EX-5.1 3 arr8-kbuckleratmex51.htm EXHIBIT 5.1 Exhibit


Exhibit 5.1

Holland & Knight

701 Brickell Avenue, Suite 3300 | Miami, FL 33131 | T 305.374.8500 | F 305.789.7799
Holland & Knight LLP | www.hklaw.com

February 15, 2019
ARMOUR Residential REIT, Inc.
3001 Ocean Drive, Suite 201
Vero Beach, FL 32963
Re: Registration Statement on Form S-3
Ladies and Gentlemen:
Reference is made to the Registration Statement on Form S-3 (Registration No. 333-224469) (the “Registration Statement”) filed with the Securities and Exchange Commission (the “Commission”) on April 26, 2018 by ARMOUR Residential REIT, Inc. (the “Company”) pursuant to the requirements of the Securities Act of 1933, as amended (the “Act”). We are rendering this opinion in connection with the prospectus supplement (the “Prospectus Supplement”) dated February 15, 2019. The Prospectus Supplement relates to the offering by the Company of up to 7,000,000 shares (the “Shares”) of the Company’s common stock, $0.001 par value per share (the “Common Stock”), in an “at-the-market” offering, which Shares are covered by the Registration Statement. We understand that the Shares are to be offered and sold in the manner set forth in the Registration Statement and the Prospectus Supplement.
We have acted as your counsel in connection with the preparation of the Prospectus Supplement. We are familiar with the proceedings taken by the Board of Directors of the Company in connection with the authorization, issuance and sale of the Shares.
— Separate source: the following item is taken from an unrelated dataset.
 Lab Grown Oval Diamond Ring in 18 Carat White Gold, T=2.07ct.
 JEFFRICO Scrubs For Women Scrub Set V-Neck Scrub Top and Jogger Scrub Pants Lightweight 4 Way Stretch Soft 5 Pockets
We have examined all such documents as we have considered necessary in order to enable us to render this opinion, including, but not limited to, (i) the Registration Statement, (ii) the Prospectus dated April 26, 2018 included with the Registration Statement (the “Prospectus”), (iii) the Prospectus Supplement, (iv) the Company’s Articles of Incorporation, as amended, (v) the Company’s By-Laws, as amended, (vi) certain resolutions adopted by the Board of Directors of the Company, (vii) corporate records and instruments, and (viii) such laws and regulations as we have deemed necessary for the purposes of rendering the opinions set forth herein. In our examination, we have assumed the legal capacity of all natural persons, the authenticity of and conformity to originals of such documents that have been presented to us as photostatic copies, the accuracy, completeness and authenticity of certificates of public officials, the due execution and delivery of all documents (except that no such assumption is made as to the Company) where due execution and delivery are a prerequisite to the effectiveness thereof, and that the Shares will be issued against payment of valid consideration under applicable law. As to any facts material to the opinions expressed herein, which were not independently established or verified, we have relied upon statements and representations of officers of the Company.
Based upon the foregoing, we are of the opinion that the Shares have been duly authorized and, when issued and delivered by the Company against payment therefor as set forth in the Prospectus Supplement, will be validly issued, fully paid and non-assessable.
We assume no obligation to supplement this opinion if any applicable law changes after the date hereof or if we become aware of any fact that may change the opinion expressed herein after the date hereof.
We hereby consent to the filing of this opinion as part of the Registration Statement and to the reference of our firm under the caption “Legal Matters” in the Prospectus Supplement. In giving such consent, we do not hereby admit that we are in the category of persons whose consent is required under Section 7 of the Act or the rules and regulations of the Commission.